When I'm in a creative rut--or when, like now, I feel a need to see familiar things a little differently--I often turn to found poetry. A found poem is just what it sounds like: a poem that you create, or "find," from words in an existing text. You can find poems anywhere: newspaper articles, textbooks, playbills...the list is limited only by your imagination. One of the types of found poetry I return to most often is the spine poem: a poem built of words found on the spines of books.
I use spine poems especially frequently with university classes who visit the Poetry Center Library, because spine poems are endlessly flexible, and because the titles in the Library's collection can be recombined in millions of ways to create poetry. You can start with a framing question (such as "Why do I write?" or "How did I grow last year?"), or you can simply start browsing, letting the titles guide you to a poem.

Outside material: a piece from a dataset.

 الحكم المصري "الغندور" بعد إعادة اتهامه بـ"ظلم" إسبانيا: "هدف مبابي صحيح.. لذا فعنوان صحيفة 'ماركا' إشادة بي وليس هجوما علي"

Some poets like to use the titles exactly as they appear on book spines to create a poem; some poets like to write the titles down and then remix words to create a poem.

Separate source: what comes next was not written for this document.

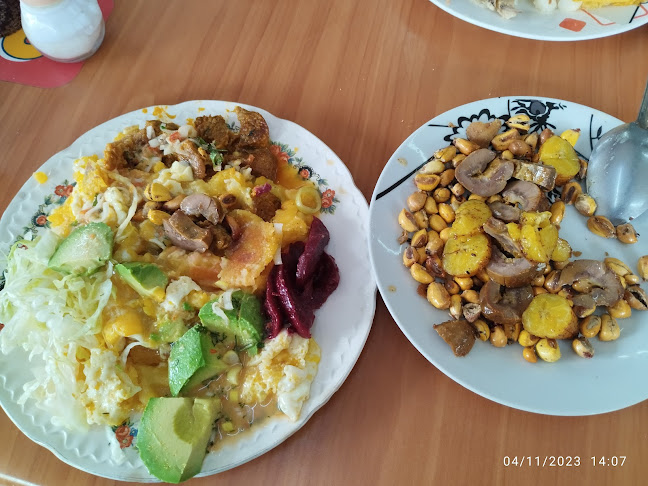 Opinii despre EVITA Cocina Tradicional în Sangolquí - Gastronomía y hostelería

The good news is, you don't need a collection as big as the Poetry Center's to try spine poetry. I made the poem below from books in my home collection:
Bright and hurtless / the hours / break the glass. / Night is simply a shadow. / After the deluge, / a hundred white daffodils / fuel / the language of bees.
As I was assembling this poem, I noticed that it was quite a bit more difficult to create a poem this way than it is when I use my normal method, which is to write titles down and then remix the words into a poem. Here is example of this latter technique, which I created for a class visit at the Poetry Center:
Half of the world at the drive-in volcano, / half of the world in Hollywood. / Woman, relearn the alphabet: every night, / your blood stays home. / No whispering at the color line will fool the dead. / Tonight no poetry will serve.
Found poetry always surprises me, and there's a lot of pleasure in the surprises. Try writing a spine poem--you may be surprised, too.